Answer. The only solutions are $f(x)=cx^d+e$ where $c \in \{-1, 1\}$ , $d \ge 0$ is an odd divisor of $n$ and $e \in \mathbb{Z}$ for all integers $x$ .

Solution. It is clear that these satisfy the conditions. We will show that no other function works. Indeed, suppose a function $f$ other than those specified works.

Injectivity of $f$ follows since $f(a)=f(b) \Longrightarrow a^n=b^n$ and as $n$ is odd, $a=b$ . Shifting by a constant; let $f(0)=0$ , and for all integers $a$ we get $f(a) \mid a^n$ . As $f(1) \mid 1$ , scaling by a $\pm 1$ factor, we let $f(1)=1$ . For all primes $p$ , $f(p) \mid p^n \Longrightarrow f(p)=\pm \, p^k$ for some $k >0$ .

Firstly, let $f(p)=-p^k$ and observe that $p^k+1 \mid p^n-1$ . Write $n=kl+r$ for $0 \le r<k$ and note that $p^n \equiv p^r\cdot (-1)^l \pmod {p^k+1} \Longrightarrow p^k+1 \le \left|p^r\cdot (-1)^l-1\right| \le p^r+1,$ which is clearly false. It follows that $f(p)=p^{k_p}$ for all primes $p$ with $1 \le k_p \le n$ . Evidently, there exists $1 \le d \le n$ such that $k_p=d$ holds for infinitely many primes $p$ .

Fix a prime $p_1$ with $k_{p_1}=d$ and vary $p$ with $k_p=d$ . Write $n=md+r$ for $0 \le r<d$ and note that $p^d-p_1^d \mid p^n-p_1^n \Longrightarrow p_1^{md}\cdot \left(p^r-p_1^r\right) \equiv 0 \pmod {p^d-p_1^d}.$ This is fails to occur unless $d \mid n$ .
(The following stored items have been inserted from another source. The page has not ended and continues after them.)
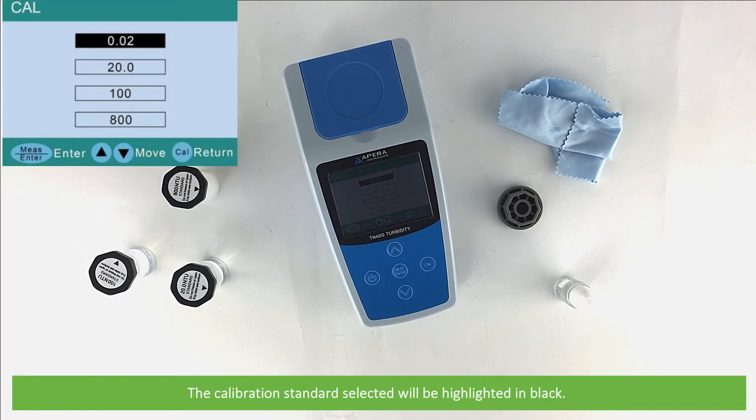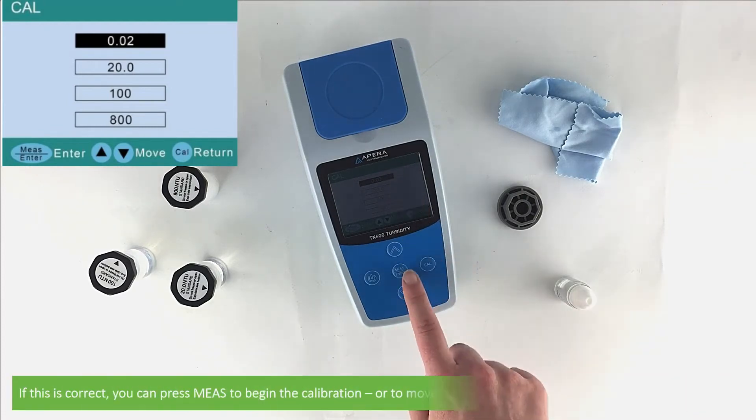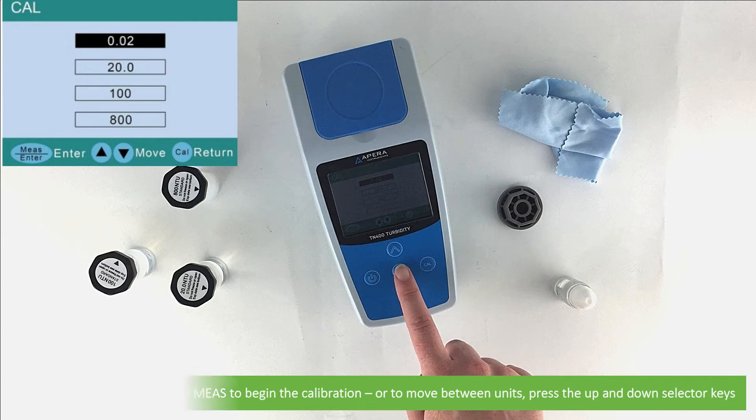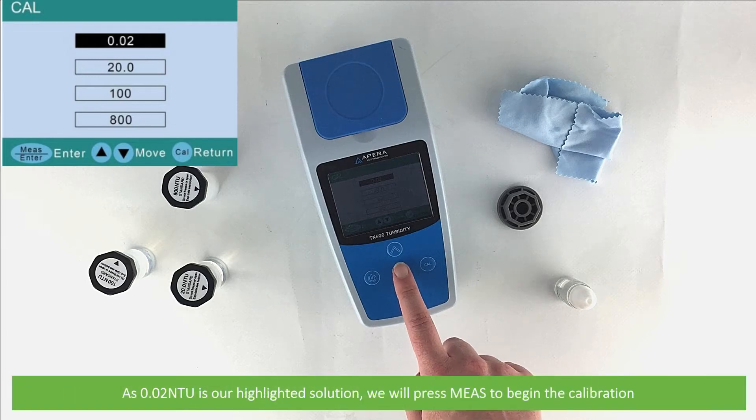Press the cal key. The calibration standard selected will be highlighted in black. If this is correct, you can press measure to begin the calibration, or to move between units press the up and down selector keys. As 0.02 is our highlighted solution, we will press measure to begin the calibration.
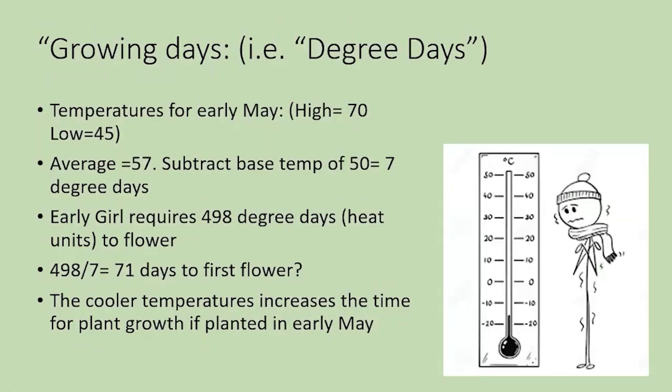Let's take another hypothetical. In early May, somebody might be tempted to plant the tomato on a nice sunny day — a high of 70 but cool at night, 45. The average is 57; subtract the base temperature of 50, and you get only 7 degree days. If Early Girl requires 498 heat units to flower and it doesn't get much warmer than that, it could take 71 days until the first flower. By putting it out in these temperatures, you're not going to have optimal growth. The cooler temperature increases the time for plant growth, so as tempting as it is, don't put your plant out too early.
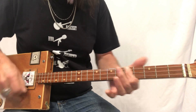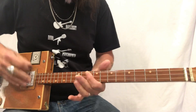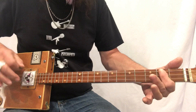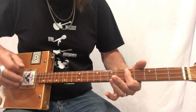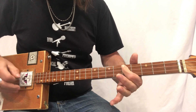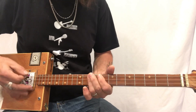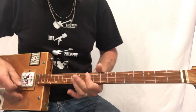Santa Claus is coming to town, Santa Claus is coming to town — strong bass note, strong. Santa Claus is coming to town, Santa Claus is coming to town. It's that note right there — strong note strong. Just like a reggae version — Santa Claus is coming to town.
Finally, fix an integer $x$ with $f(x) \ne x^d$ and vary prime $p$ with $k_p=d$ . It follows that $p^d-f(x) \mid p^n-x^n \Longrightarrow p^d-f(x) \mid f(x)^{\frac{n}{d}}-x^n,$ which fails to hold by taking $p$ sufficiently large. The initial claim holds. $\, \square$